Servings | Prep Time |
18rolls | 40minutes |
Cook Time | Passive Time |
20minutes | 1-2hour rising time |
|
|
- for nettle pesto
- 1 cup cooked nettles approximately 5 cups uncooked
- 4 cloves garlic, sliced
- 1/2 cup walnuts
- 1/2 cup olive oil
- 1/2 cup Parmesan cheese, grated
- 1/2 tablespoon lemon juice
- salt and pepper
- for rolls
- 4-5 cups(508-635g) organic bread flour
- 1 cup(240ml) organic whole milk
- 1/2 cup (1 stick) organic unsalted butter
- 1 tablespoon honey
- 1 organic egg
- 1/2 teaspoon salt
- 2 1/4 teaspoon(1 package) active dry yeast
- 1/2 cup nettle pesto
- Prepare Nettles: Use heavy kitchen gloves and tongs. Have ready a large pot with approximately two inches of water and lid.
- While wearing kitchen gloves, separate nettle leaves from stems, some small stems can remain. Place leaves in colander and discard stems. Rinse nettle leaves under cool water.
- With tongs, transfer nettle leaves to pot. Bring to boil on medium high heat, then simmer for 5 minutes with lid on. Remove from heat and cool, covered.
- Transfer steamed nettles to colander and allow to drain. Reserve cooking water. This can be diluted then used to water your garden.
- When nettles have drained and cooled, coarsely chop.
- Combine sliced garlic and walnuts in food processor. Process for 5-10 seconds to coarsely chop. Add 1/2 of nettles and process to combine.
- Add remaining 1/2 cup nettles and olive oil. Process about 30 seconds until forms thick sauce, add more olive oil if seems to dry.
- Add parmesan cheese, lemon juice, and salt and pepper. Process until pesto forms.

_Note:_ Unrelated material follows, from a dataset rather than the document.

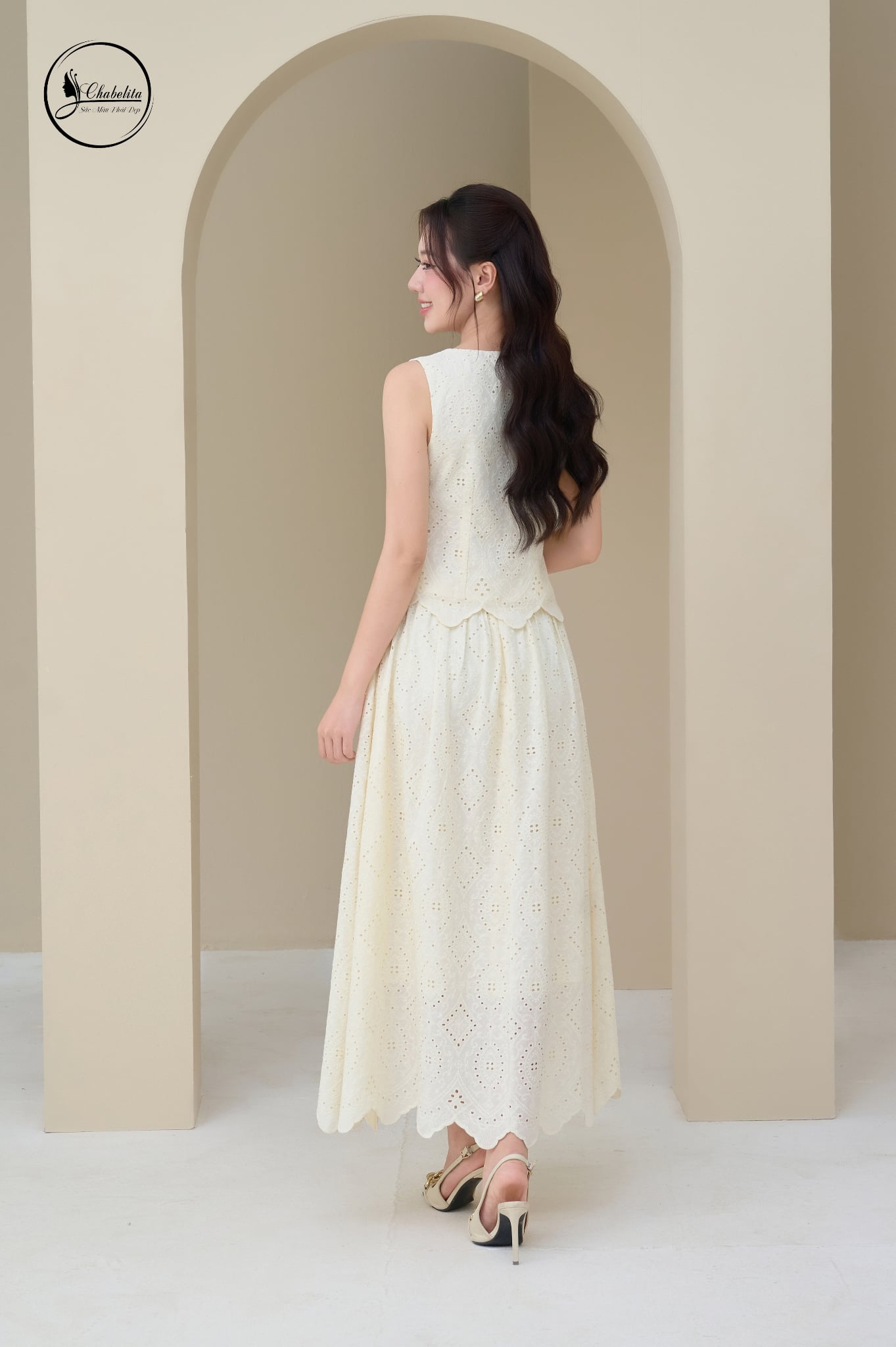 Áo ren sát nách cổ tròn màu be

- Reserve 1/2 cup for rolls and store in jar adding a thin layer of olive oil on top so pesto will not brown. Can be stored in refrigerator for 2 weeks.
- Grease a large mixing bowl with butter. Measure 4 cups of flour, have ready one cup additional in case needed. Set aside.

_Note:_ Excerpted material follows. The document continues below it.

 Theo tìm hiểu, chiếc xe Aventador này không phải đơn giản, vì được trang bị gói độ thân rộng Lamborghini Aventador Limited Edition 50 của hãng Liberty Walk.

- In a medium saucepan over low hear, warm milk with honey and butter until butter is just melted. Make sure not to over heat or scald milk. Remove from heat when butter is melted.
- Crack egg into bowl of electric mixer. Whisk by hand just to beat.

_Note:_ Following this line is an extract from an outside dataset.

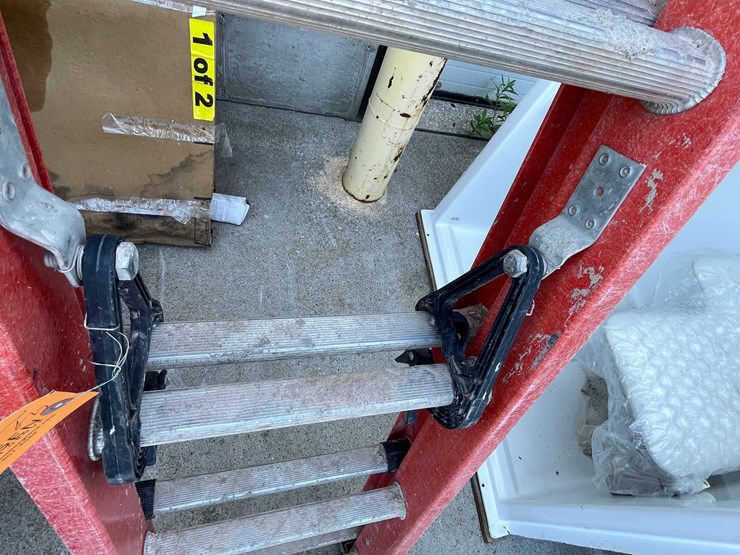 #9141-•-28'-extension-ladder-(03)-image-6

- Gradually pour milk and butter mixture into egg. Pour in thin stream, whisking constantly.
- Begin with 4 cups of flour, adding more if needed. Add flour, salt and yeast. With electric mixer fitted with dough hook attachment kneed until smooth, elastic dough forms. If dough seems too wet, gradually add remaining cup of flour as needed. This dough comes together easily after about 5-7 minutes of kneading.
- Turn dough out into buttered bowl. Turn dough to coat all sides with butter. Cover with a kitchen towel and let rise until doubled in size, approximately one hour.
- After dough has risen, turn out onto clean, flat surface, you do not need to flour surface. Punch down and cut dough in half.
- Working with one half at a time, roll out to a 12 x 8 inch rectangle. Spread ½ cup of nettle pesto over entire surface of dough leaving a ¼ inch border. Roll up starting with long side closest to you. Pinch together end, but this does not have to be tightly closed.
- With a long, sharp knife using a back and forth motion, cut into 1 inch slices. Place rolls in muffin tins cut side up.
- Repeat with second half of dough.
- Cover with kitchen towel and let rise a second time approximately 30 minutes.
- Preheat oven to 375°F.
- Stir 2 tablespoons of cool water into egg yolk. Brush rolls generously with egg wash.
- Bake for 20 minutes until golden. Cool for a few minutes in pan then remove to wire rack to continue cooling. Serve warm or at room temperature. Store in refrigerator or freeze for future use.
*Using organic ingredients whenever possible will make your baked goods all the more nourishing. For this pesto use organic walnuts, garlic, lemons and olive oil if available. For rolls use organic flour, butter, eggs, and milk if available.
If you cannot or are just not up for growing nettles (and I totally understand), they often are available in spring farmer's markets. I have never purchased fresh online, but I think I would try if I didn't have so much in my garden.